What to do: Without the images, print every line of the material below exactly as given.

Supplied data section start

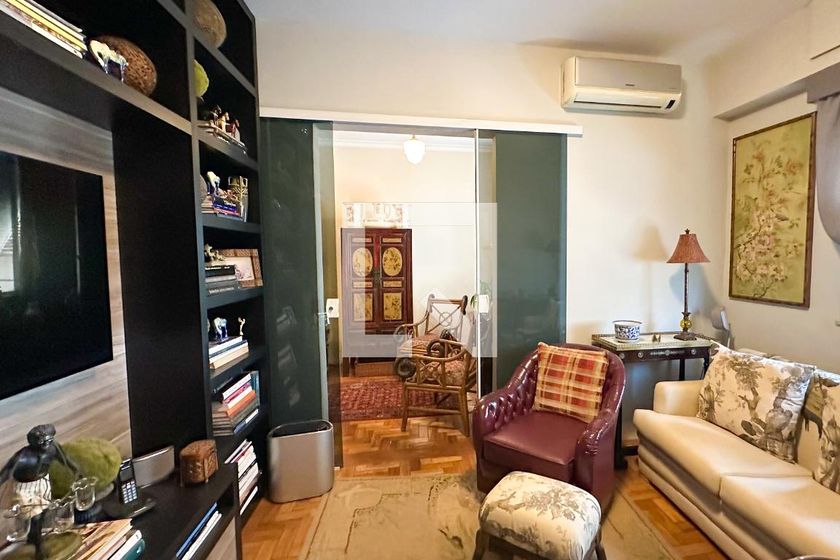 Apartamento, 3 quartos, 100 m² - Foto 21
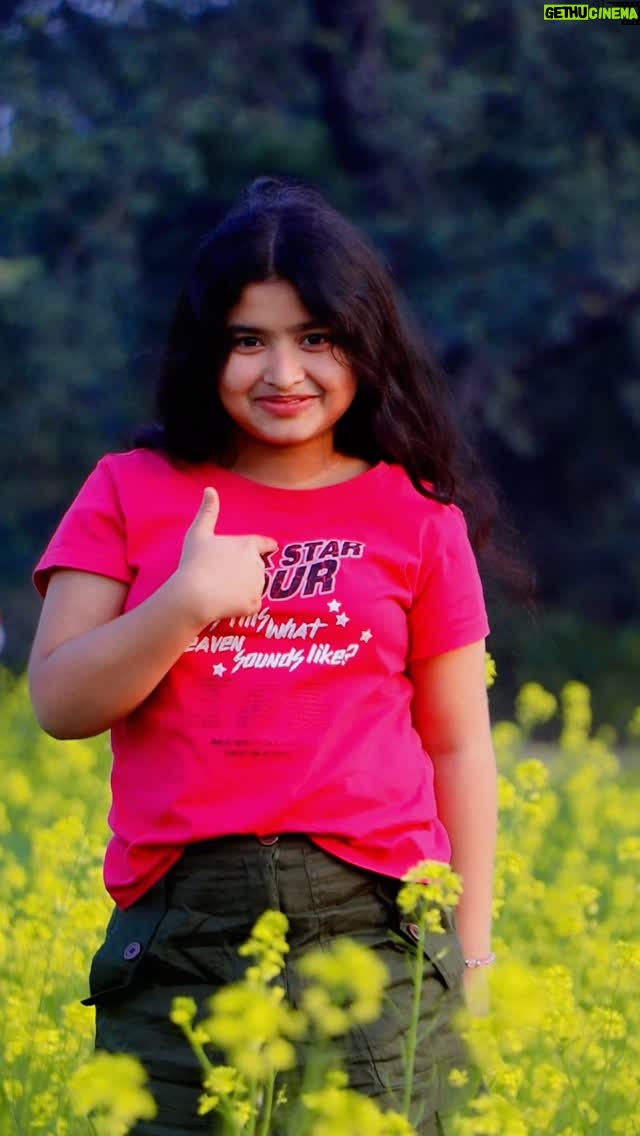 Saniya Ahmed - 2.6K Likes - Neend Churayee Meri ………….🥰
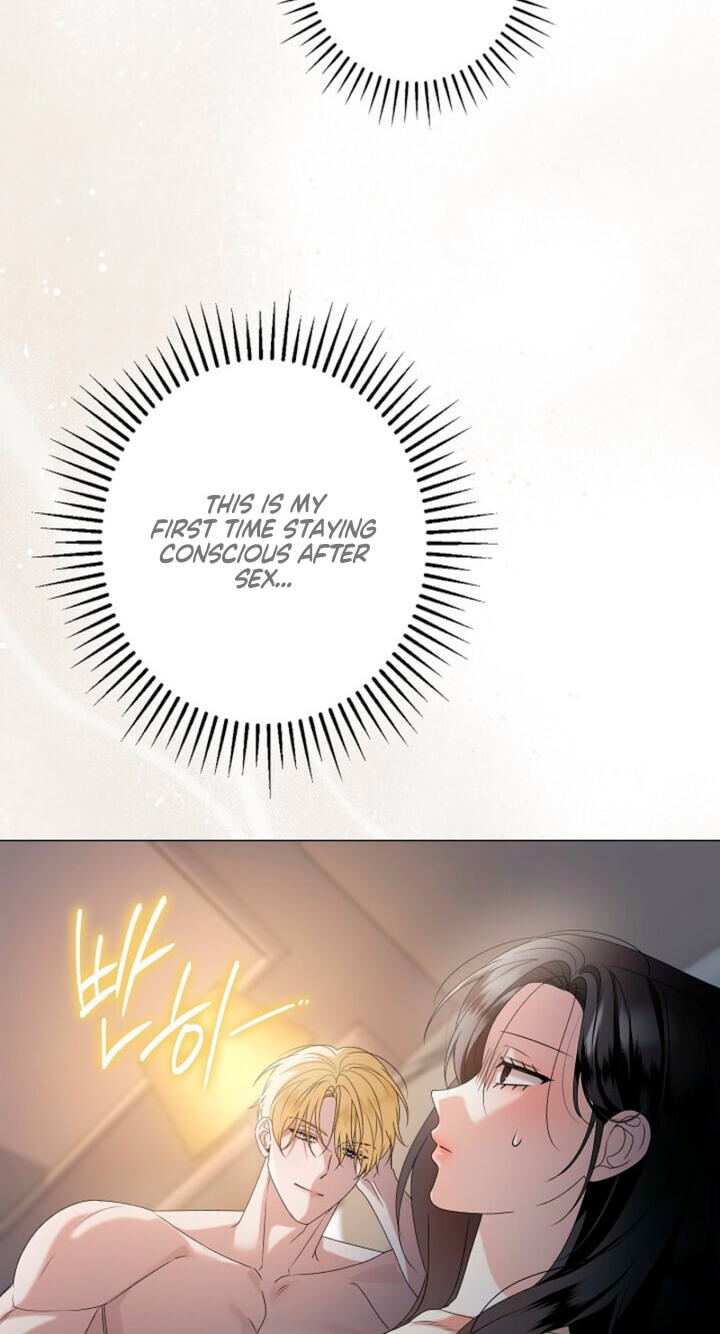 Read Solstice chapter 45 image 48 on Lezhin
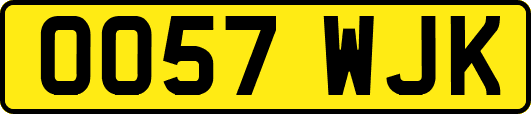 OO57WJK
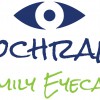 Cochrane Family Eyecare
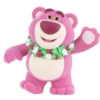 Disney Grand Jester Studio - Figurine floquée Lotso - Toy Story 3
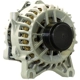 Purchase Top-Quality New Alternator by REMY - 92530 pa14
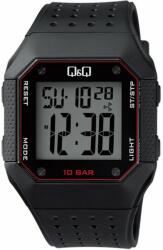Q&Q M158J002Y Ceas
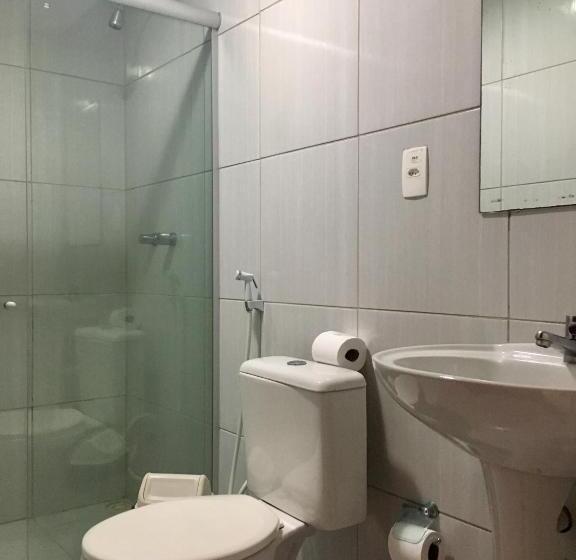 اتاق استاندارد یک نفره, Numar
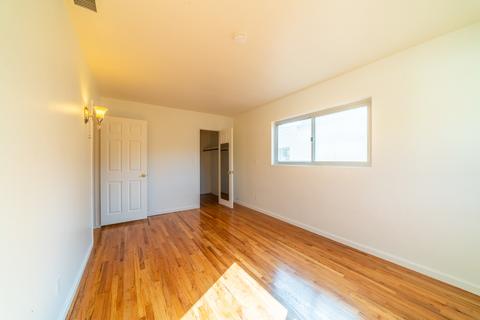 11064 Green Oaks Rd, Lakeside, CA 92040 photo 11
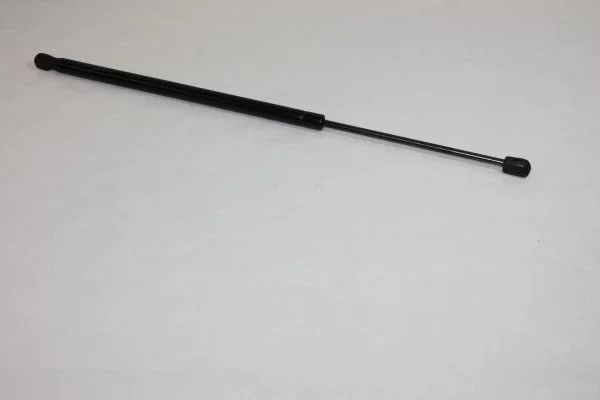 Gas Spring, boot/cargo area AUTOMEGA 100099910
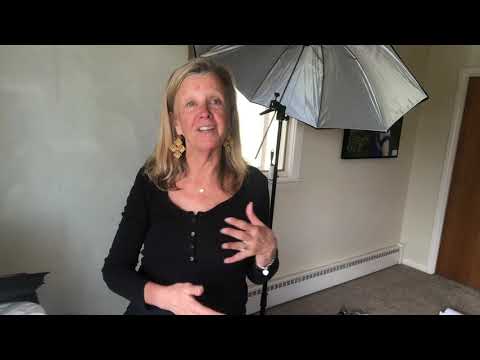 Julie Ulstrup Photography Colorado's Premiere Portrait Studio International Award winning Images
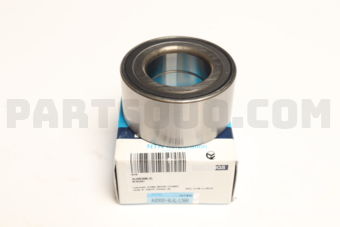 AU09308LXL BEARING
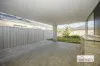 13 Abingdon Street, Morley, WA 6062-Image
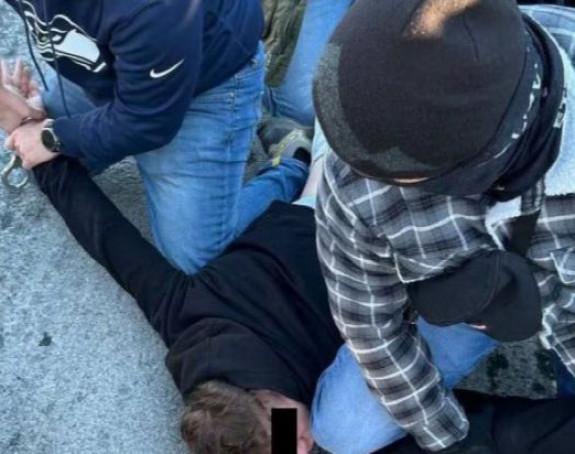 Држављанин БиХ у превари тешкој 4,8 милиона евра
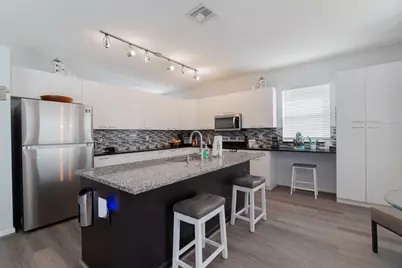 9912 Woodworth Court, Wellington, FL 33414 - Photo 34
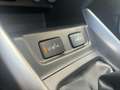 Suzuki Vitara Hybrid GLX - Pano. dak - 7 jaar garantie Bleu - thumbnail 24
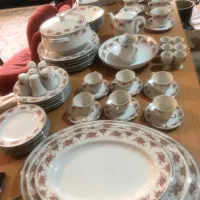 فروش سرویس چینی ژاپنی نو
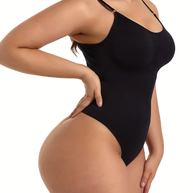 Schnappt Tanga Körper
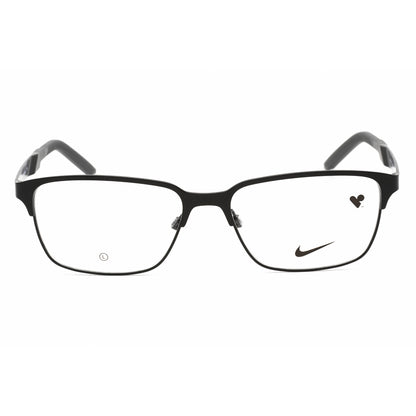 Nike 8213 | Men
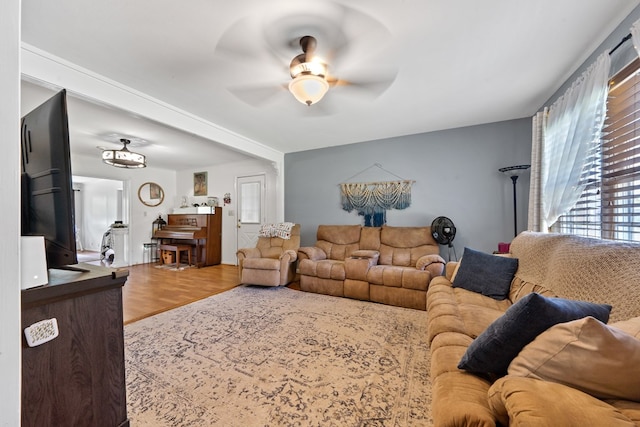 212 Walnut Rdg, Macon, GA 31211 - photo 8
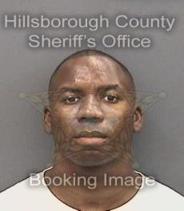Tyrone Epps Info, Photos, Data, and More About Tyrone Epps / Tyrone Epps Tampa Area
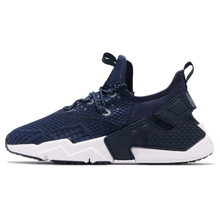 nike�پW��Ʒ�¿�AO1731-401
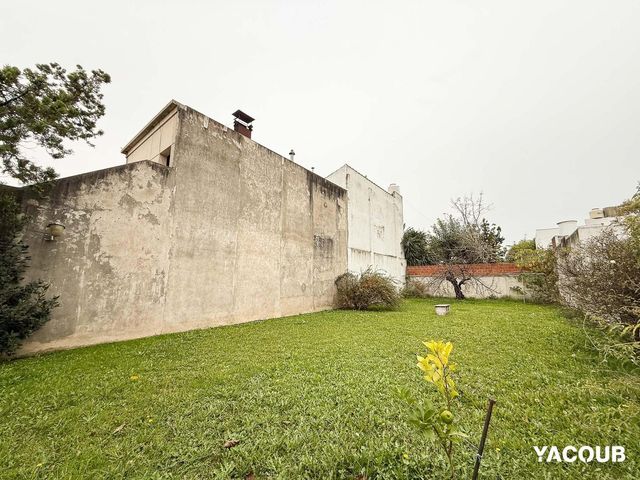 place photo 29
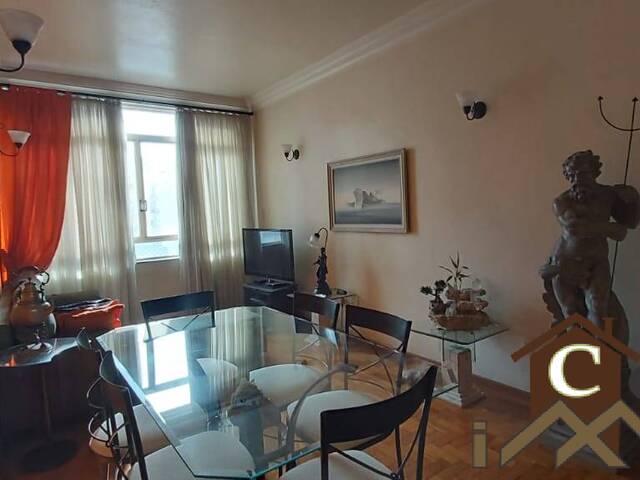 #2931 - Apartamento para Venda em São Paulo - SP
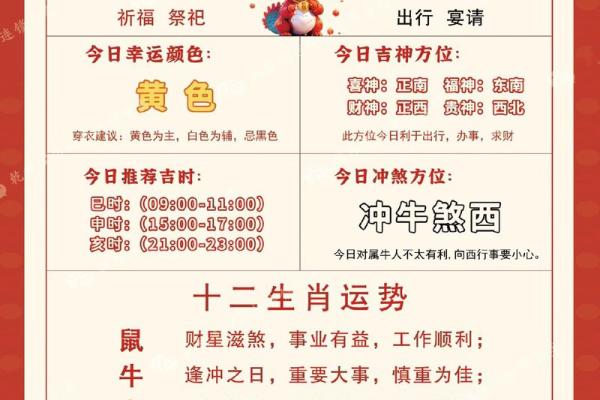 大年初一出生的生肖是什么，欲钱买代表什么意思求解释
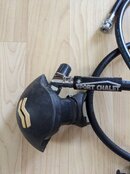 PXL_20211117_173406039.jpg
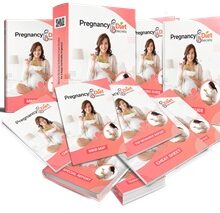 [PLR] Pregnancy Diet Secrets Review - Easy PLR Niche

Supplied data section end

Solved problem:
 Apartamento, 3 quartos, 100 m² - Foto 21
 Saniya Ahmed - 2.6K Likes - Neend Churayee Meri ………….🥰
 Read Solstice chapter 45 image 48 on Lezhin
 OO57WJK
 Cochrane Family Eyecare
 Disney Grand Jester Studio - Figurine floquée Lotso - Toy Story 3
 Purchase Top-Quality New Alternator by REMY - 92530 pa14
Q&Q M158J002Y Ceas
 اتاق استاندارد یک نفره, Numar
 11064 Green Oaks Rd, Lakeside, CA 92040 photo 11
 Gas Spring, boot/cargo area AUTOMEGA 100099910
 Julie Ulstrup Photography Colorado's Premiere Portrait Studio International Award winning Images
 AU09308LXL BEARING
 13 Abingdon Street, Morley, WA 6062-Image
 Држављанин БиХ у превари тешкој 4,8 милиона евра
 9912 Woodworth Court, Wellington, FL 33414 - Photo 34
 Suzuki Vitara Hybrid GLX - Pano. dak - 7 jaar garantie Bleu - thumbnail 24
 فروش سرویس چینی ژاپنی نو
 Schnappt Tanga Körper
 Nike 8213 | Men
 212 Walnut Rdg, Macon, GA 31211 - photo 8
Tyrone Epps Info, Photos, Data, and More About Tyrone Epps / Tyrone Epps Tampa Area
 nike�پW��Ʒ�¿�AO1731-401
 place photo 29
 #2931 - Apartamento para Venda em São Paulo - SP
 大年初一出生的生肖是什么，欲钱买代表什么意思求解释
 PXL_20211117_173406039.jpg
 [PLR] Pregnancy Diet Secrets Review - Easy PLR Niche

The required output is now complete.